▶ _DATA FOR ANALYSIS_:

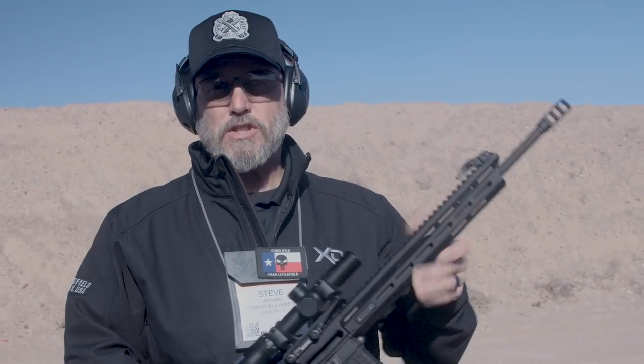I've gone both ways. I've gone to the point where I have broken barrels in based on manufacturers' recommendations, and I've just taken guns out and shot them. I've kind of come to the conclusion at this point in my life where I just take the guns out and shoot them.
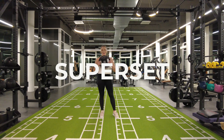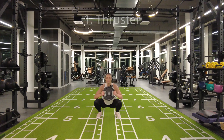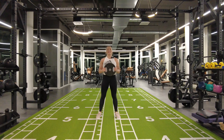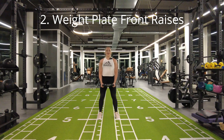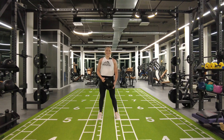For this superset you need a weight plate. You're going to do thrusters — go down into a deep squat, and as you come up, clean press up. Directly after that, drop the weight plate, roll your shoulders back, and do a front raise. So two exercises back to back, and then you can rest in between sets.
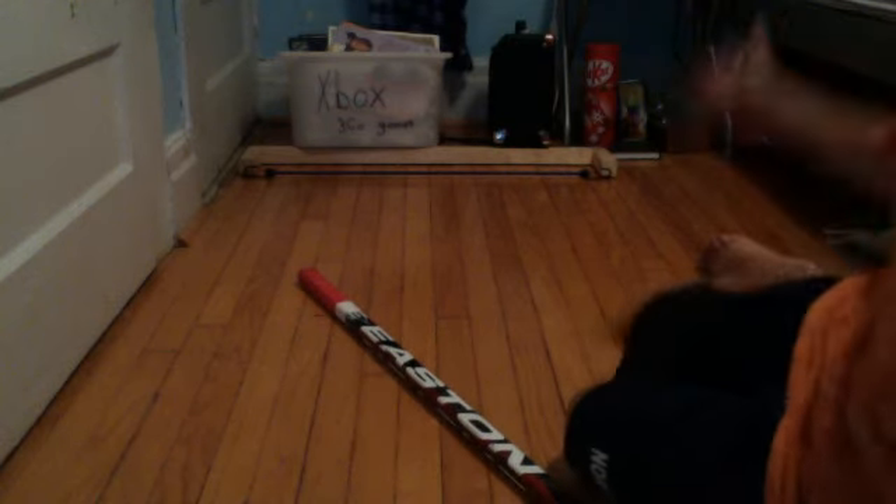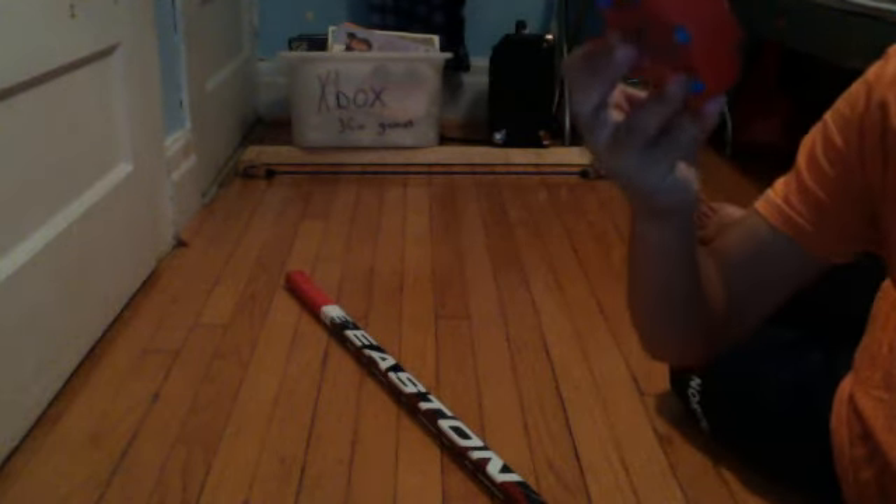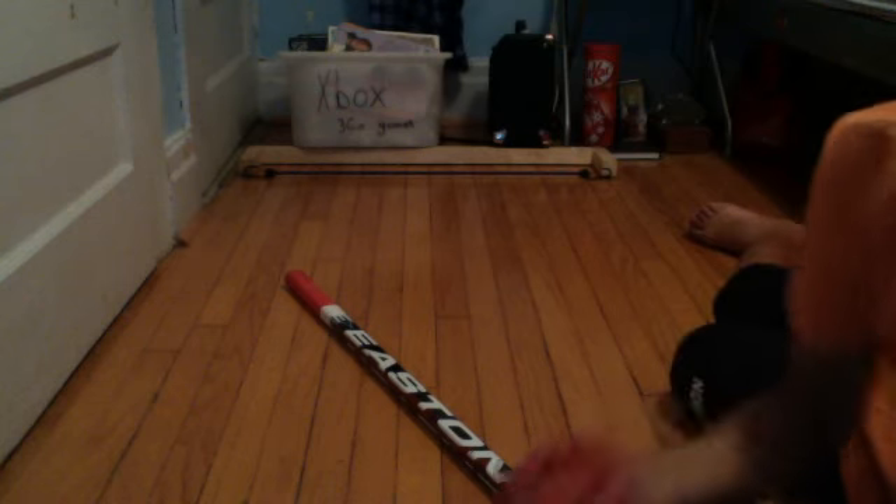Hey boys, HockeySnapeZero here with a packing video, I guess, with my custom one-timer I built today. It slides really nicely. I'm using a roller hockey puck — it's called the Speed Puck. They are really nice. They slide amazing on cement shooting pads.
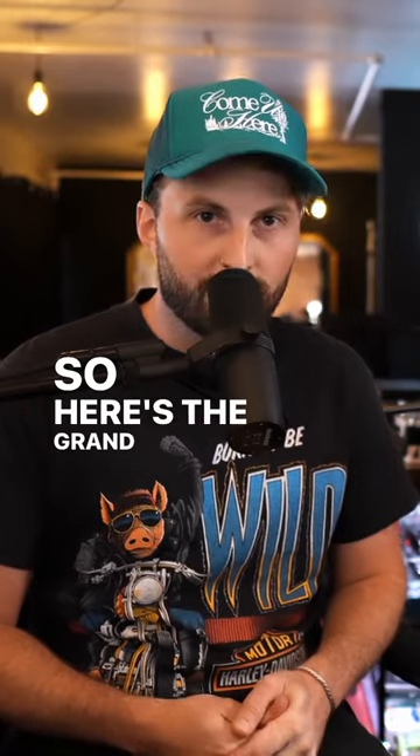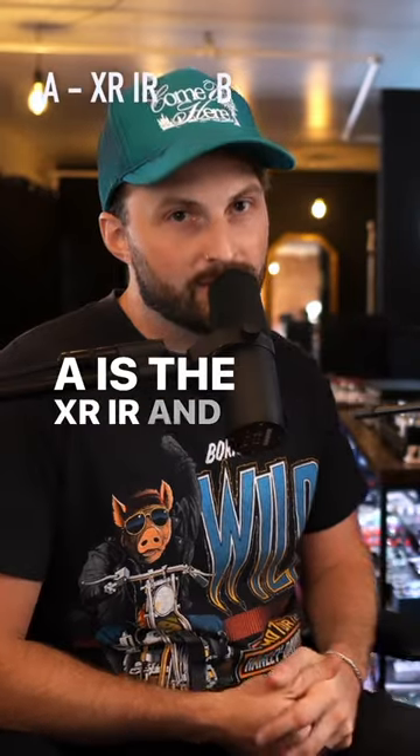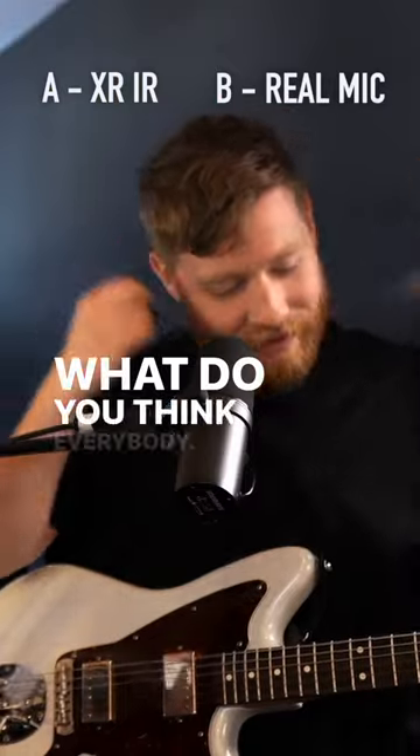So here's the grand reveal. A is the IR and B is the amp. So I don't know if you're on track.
==
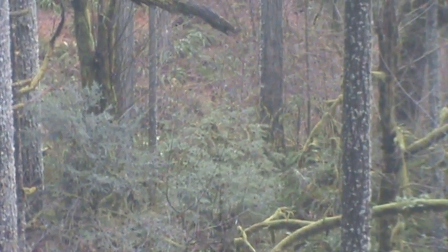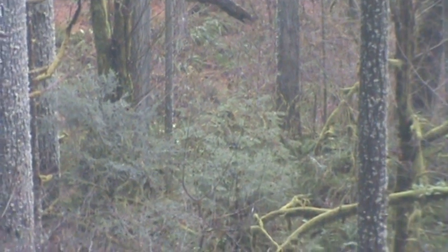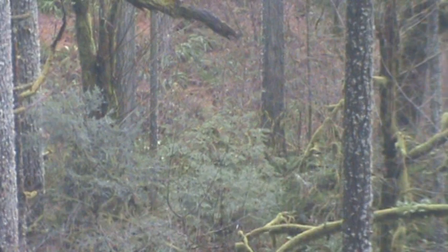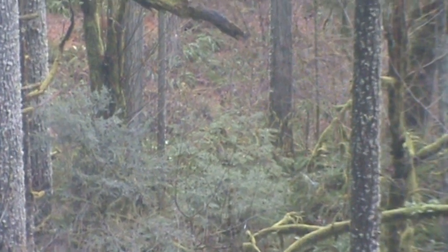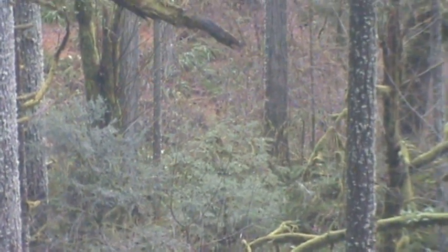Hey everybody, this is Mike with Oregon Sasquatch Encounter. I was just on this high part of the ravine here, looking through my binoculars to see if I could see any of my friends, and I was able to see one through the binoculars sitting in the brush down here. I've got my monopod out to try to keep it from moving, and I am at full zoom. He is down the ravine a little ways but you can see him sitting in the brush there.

▶ _EXERCISE_: Your reply should hold nothing but the lines above, from the one containing "Hey boys, HockeySnapeZero" to the one containing "So here's the", reproduced exactly minus the pictures.

▶ _EXERCISE ANSWER_:
Hey boys, HockeySnapeZero here with a packing video, I guess, with my custom one-timer I built today. It slides really nicely. I'm using a roller hockey puck — it's called the Speed Puck. They are really nice. They slide amazing on cement shooting pads.
So here's the grand reveal. A is the IR and B is the amp. So I don't know if you're on track.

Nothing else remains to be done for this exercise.